Segment Start: STORED DATA
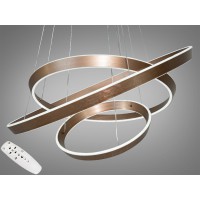 Оригинальная новинка, светодиодная люстра кольца, мощностью 260 Вт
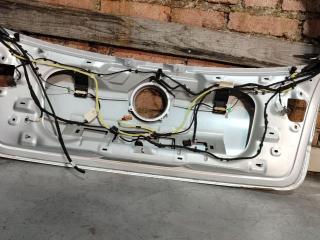 крышка багажника со стеклом Volkswagen Golf 5 поколение (2003 - 2009), хетчбэк 5 дв.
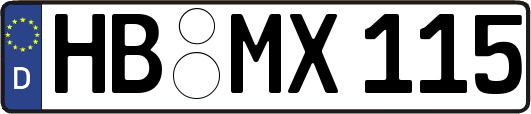 HB-MX115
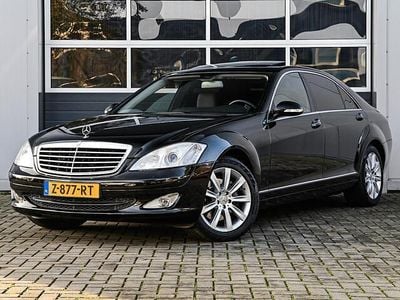 Zwart Gebruikt 2008 Mercedes S320 Sedan | € 15.950 (Duur)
Segment End: STORED DATA
> WHAT IS REQUIRED: Leave the images aside and retype each line of the listing above exactly.

> COMPLETED TASK:
 Оригинальная новинка, светодиодная люстра кольца, мощностью 260 Вт
 крышка багажника со стеклом Volkswagen Golf 5 поколение (2003 - 2009), хетчбэк 5 дв.
 HB-MX115
 Zwart Gebruikt 2008 Mercedes S320 Sedan | € 15.950 (Duur)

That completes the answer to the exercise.